··· SUPPLIED INFORMATION ···

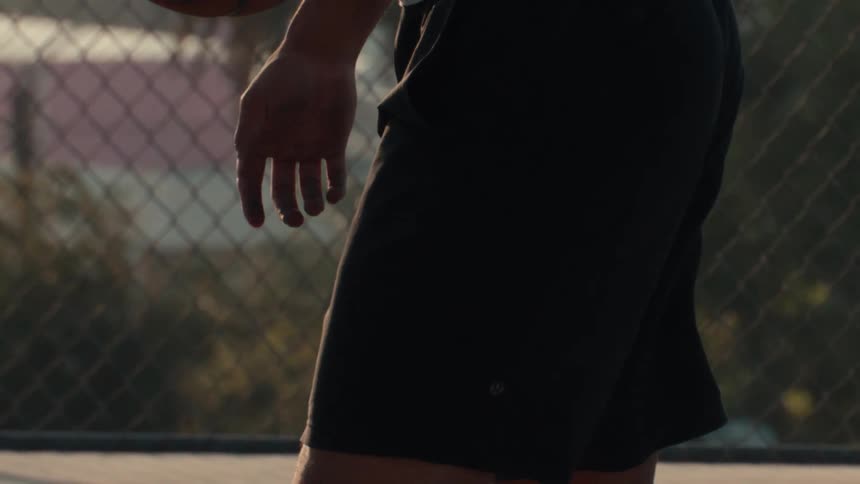 A basketball player takes a breath while holding the ball on an outdoor court in cinematic slow motion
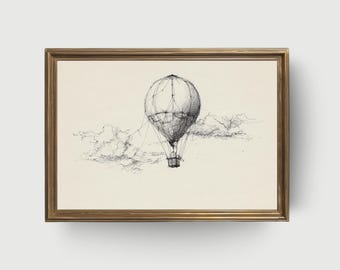May include: Pen and ink drawing of a hot air balloon floating in the sky, framed in a gold-colored frame. The balloon is detailed with lines, and the clouds are sketched in the background. The artwork is on a cream-colored background.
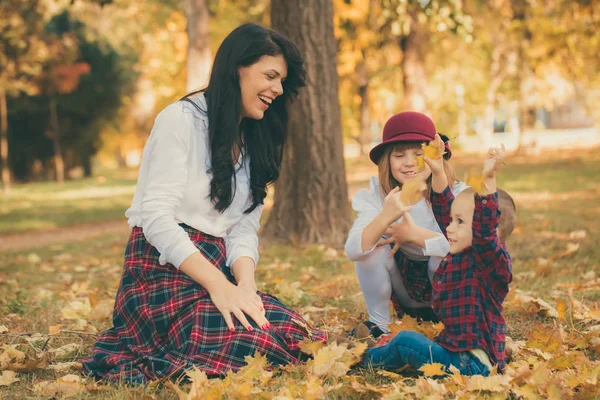 娘と秋に公園で一緒に遊ぶ幼い息子の笑みを浮かべてください 彼らは乾いた落ち葉で遊んで良い時間を過ごしています 幸せな家族 — ストック写真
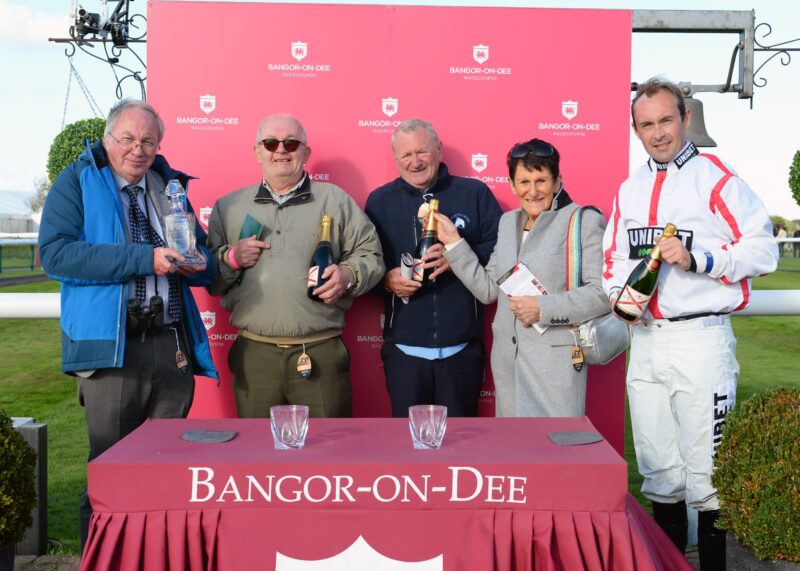 Happy Owners and jockey Nico de Boinville collecting their prize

···

▶ **WORK TASK**: Print the material in full and exactly; the pictures must not be printed.

▶ **OUTPUT**:
 A basketball player takes a breath while holding the ball on an outdoor court in cinematic slow motion
May include: Pen and ink drawing of a hot air balloon floating in the sky, framed in a gold-colored frame. The balloon is detailed with lines, and the clouds are sketched in the background. The artwork is on a cream-colored background.
 娘と秋に公園で一緒に遊ぶ幼い息子の笑みを浮かべてください 彼らは乾いた落ち葉で遊んで良い時間を過ごしています 幸せな家族 — ストック写真
 Happy Owners and jockey Nico de Boinville collecting their prize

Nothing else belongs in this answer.